Exercise instructions: Only those lines in the data below from the line containing "Capitan America (2010) #093" through the line containing "New 2026 Kia Sorento S image 16", both included, should be restated word for word.

───── Supplied records

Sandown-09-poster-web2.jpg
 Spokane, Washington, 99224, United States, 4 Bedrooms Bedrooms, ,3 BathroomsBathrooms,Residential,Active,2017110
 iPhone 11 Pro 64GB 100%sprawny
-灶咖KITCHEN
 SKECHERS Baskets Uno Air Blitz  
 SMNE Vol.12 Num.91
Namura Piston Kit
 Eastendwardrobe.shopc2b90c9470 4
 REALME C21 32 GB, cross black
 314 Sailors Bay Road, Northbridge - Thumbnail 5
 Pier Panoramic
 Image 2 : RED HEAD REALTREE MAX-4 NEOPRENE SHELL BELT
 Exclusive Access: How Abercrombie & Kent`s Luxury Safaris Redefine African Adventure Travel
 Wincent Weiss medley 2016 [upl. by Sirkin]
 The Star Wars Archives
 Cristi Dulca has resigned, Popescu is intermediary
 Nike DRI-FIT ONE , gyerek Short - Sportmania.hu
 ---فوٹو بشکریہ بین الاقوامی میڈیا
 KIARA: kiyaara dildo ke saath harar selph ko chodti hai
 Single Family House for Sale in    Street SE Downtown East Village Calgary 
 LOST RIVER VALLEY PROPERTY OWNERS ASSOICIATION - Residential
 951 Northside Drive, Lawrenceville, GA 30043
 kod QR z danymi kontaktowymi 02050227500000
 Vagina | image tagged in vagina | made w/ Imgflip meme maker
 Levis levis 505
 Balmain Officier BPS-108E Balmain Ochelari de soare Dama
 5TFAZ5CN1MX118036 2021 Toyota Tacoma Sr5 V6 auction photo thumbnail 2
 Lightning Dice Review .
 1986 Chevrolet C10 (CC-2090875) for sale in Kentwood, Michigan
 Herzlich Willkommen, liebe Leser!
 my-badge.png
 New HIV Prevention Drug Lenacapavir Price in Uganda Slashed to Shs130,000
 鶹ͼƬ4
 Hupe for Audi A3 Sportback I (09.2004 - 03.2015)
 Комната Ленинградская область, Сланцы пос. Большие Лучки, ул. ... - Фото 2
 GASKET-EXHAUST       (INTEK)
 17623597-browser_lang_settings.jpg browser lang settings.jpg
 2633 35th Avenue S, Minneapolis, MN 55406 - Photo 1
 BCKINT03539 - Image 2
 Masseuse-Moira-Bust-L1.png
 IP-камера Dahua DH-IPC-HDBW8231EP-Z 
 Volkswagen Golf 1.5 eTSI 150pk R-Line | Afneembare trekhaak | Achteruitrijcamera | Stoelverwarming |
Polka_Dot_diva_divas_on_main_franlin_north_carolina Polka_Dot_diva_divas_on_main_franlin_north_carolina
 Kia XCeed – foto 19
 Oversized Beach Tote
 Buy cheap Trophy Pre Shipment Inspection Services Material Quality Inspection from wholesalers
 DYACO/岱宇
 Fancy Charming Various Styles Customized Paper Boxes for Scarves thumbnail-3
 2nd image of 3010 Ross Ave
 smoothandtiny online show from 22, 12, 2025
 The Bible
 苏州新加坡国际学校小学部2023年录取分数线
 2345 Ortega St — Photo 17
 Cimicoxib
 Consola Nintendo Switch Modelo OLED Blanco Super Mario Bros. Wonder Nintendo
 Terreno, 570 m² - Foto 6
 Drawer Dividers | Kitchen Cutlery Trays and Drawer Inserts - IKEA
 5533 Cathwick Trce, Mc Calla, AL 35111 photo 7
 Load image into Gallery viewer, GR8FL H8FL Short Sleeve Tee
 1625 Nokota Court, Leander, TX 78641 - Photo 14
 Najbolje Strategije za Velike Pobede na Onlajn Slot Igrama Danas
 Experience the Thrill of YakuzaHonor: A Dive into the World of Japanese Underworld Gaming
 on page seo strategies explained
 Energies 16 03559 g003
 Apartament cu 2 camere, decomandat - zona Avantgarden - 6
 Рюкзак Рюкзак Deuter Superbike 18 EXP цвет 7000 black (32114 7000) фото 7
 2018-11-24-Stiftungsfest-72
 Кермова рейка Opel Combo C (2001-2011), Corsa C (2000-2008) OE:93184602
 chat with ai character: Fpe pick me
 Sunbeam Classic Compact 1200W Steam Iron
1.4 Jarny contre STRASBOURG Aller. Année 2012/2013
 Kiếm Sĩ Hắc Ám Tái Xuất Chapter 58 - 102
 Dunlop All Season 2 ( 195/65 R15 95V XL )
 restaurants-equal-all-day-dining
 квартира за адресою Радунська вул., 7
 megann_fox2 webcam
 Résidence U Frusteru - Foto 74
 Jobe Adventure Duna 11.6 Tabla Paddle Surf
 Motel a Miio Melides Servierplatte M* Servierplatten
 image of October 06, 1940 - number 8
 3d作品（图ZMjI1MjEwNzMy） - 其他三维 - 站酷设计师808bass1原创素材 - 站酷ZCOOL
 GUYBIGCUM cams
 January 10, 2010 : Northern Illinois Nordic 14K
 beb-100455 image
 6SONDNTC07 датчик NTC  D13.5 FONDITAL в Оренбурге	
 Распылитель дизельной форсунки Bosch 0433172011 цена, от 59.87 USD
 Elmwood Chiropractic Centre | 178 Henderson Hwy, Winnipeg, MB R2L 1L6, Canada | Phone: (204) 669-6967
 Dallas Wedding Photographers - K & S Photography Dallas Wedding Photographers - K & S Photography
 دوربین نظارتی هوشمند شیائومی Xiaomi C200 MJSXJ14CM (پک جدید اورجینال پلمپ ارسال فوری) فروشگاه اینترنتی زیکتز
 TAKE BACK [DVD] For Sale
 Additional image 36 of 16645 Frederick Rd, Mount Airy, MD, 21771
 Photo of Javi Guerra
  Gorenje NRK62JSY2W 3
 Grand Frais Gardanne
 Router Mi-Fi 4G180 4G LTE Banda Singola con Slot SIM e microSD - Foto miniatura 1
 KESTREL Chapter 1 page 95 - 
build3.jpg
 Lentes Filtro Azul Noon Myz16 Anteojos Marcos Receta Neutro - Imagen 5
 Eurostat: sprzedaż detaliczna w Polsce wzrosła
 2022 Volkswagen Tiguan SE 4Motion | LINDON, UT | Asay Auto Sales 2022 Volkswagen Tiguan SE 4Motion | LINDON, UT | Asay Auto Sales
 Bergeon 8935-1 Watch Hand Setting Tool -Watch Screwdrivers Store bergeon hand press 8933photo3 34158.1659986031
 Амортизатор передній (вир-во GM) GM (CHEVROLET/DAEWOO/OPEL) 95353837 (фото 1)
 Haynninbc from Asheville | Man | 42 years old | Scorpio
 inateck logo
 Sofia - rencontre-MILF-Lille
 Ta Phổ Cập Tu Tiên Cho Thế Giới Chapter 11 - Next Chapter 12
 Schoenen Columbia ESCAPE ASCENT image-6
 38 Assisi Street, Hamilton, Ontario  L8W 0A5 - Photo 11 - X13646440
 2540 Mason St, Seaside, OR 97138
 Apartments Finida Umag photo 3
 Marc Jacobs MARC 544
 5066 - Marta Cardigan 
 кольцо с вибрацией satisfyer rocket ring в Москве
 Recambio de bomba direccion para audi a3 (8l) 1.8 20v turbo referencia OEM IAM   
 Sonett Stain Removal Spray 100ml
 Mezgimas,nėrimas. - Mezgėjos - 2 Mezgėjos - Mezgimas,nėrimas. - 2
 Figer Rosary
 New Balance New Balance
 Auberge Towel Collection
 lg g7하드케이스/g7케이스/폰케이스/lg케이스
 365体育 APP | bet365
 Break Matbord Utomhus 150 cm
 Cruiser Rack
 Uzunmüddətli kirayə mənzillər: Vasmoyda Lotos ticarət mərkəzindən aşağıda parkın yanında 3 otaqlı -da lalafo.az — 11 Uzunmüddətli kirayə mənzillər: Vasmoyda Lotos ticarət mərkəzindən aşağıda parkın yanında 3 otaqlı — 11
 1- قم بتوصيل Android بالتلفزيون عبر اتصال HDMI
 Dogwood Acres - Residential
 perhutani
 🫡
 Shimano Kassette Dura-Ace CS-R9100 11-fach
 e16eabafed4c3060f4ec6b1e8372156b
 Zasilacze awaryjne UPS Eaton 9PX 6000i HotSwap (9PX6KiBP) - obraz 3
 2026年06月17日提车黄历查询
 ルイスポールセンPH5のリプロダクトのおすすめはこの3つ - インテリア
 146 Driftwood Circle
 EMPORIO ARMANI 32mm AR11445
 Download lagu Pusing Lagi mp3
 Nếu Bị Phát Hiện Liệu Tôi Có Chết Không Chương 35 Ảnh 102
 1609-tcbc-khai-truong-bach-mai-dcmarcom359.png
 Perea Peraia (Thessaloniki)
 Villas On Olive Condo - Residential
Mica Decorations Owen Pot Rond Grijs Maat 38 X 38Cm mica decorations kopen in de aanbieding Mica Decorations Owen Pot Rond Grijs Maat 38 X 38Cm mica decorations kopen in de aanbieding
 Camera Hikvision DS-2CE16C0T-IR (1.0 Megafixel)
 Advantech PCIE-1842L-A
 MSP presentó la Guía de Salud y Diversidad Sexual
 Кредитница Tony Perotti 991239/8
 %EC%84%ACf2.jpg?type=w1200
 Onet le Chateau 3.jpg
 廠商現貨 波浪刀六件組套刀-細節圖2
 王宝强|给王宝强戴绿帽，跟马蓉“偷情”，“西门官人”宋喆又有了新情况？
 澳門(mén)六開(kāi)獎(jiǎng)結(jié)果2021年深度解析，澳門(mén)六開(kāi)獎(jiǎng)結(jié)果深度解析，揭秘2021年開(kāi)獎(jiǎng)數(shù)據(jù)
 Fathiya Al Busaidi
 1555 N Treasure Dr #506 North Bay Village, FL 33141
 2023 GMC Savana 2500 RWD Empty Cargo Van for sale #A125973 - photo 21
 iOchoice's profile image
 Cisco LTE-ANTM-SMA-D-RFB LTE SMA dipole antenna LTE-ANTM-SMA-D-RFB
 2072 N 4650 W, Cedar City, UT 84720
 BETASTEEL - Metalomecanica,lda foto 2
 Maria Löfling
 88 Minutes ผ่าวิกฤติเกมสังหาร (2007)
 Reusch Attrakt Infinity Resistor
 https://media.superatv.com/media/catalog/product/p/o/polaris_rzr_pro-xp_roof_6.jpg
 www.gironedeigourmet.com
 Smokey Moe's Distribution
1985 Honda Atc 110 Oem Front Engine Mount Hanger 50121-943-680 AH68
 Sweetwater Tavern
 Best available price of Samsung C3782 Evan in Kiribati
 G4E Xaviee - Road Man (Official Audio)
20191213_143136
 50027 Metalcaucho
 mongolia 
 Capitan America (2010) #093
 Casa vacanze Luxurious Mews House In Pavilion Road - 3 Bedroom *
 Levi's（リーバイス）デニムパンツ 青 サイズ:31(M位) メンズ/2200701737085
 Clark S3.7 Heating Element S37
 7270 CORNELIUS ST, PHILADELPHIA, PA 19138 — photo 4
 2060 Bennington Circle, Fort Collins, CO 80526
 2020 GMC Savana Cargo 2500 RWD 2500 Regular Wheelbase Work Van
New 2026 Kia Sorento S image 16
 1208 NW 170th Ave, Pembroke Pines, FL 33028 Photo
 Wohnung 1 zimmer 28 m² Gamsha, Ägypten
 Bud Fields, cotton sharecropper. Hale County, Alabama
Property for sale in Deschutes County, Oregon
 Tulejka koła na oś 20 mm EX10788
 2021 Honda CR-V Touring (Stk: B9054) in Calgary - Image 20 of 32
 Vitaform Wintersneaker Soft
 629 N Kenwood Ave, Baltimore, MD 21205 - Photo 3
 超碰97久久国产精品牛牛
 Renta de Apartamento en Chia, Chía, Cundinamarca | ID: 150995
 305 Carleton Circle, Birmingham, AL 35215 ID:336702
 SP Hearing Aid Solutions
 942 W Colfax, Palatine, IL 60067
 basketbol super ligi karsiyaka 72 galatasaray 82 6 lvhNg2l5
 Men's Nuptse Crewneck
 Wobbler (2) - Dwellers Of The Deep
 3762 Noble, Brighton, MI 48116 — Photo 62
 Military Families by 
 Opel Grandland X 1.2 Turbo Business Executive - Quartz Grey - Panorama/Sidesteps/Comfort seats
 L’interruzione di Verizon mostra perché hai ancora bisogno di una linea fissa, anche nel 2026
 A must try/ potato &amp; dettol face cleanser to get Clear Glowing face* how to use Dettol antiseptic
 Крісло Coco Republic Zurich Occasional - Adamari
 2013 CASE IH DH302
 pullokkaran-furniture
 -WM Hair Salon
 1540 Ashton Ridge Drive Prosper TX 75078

──────────

Response below:
 Capitan America (2010) #093
 Casa vacanze Luxurious Mews House In Pavilion Road - 3 Bedroom *
 Levi's（リーバイス）デニムパンツ 青 サイズ:31(M位) メンズ/2200701737085
 Clark S3.7 Heating Element S37
 7270 CORNELIUS ST, PHILADELPHIA, PA 19138 — photo 4
 2060 Bennington Circle, Fort Collins, CO 80526
 2020 GMC Savana Cargo 2500 RWD 2500 Regular Wheelbase Work Van
New 2026 Kia Sorento S image 16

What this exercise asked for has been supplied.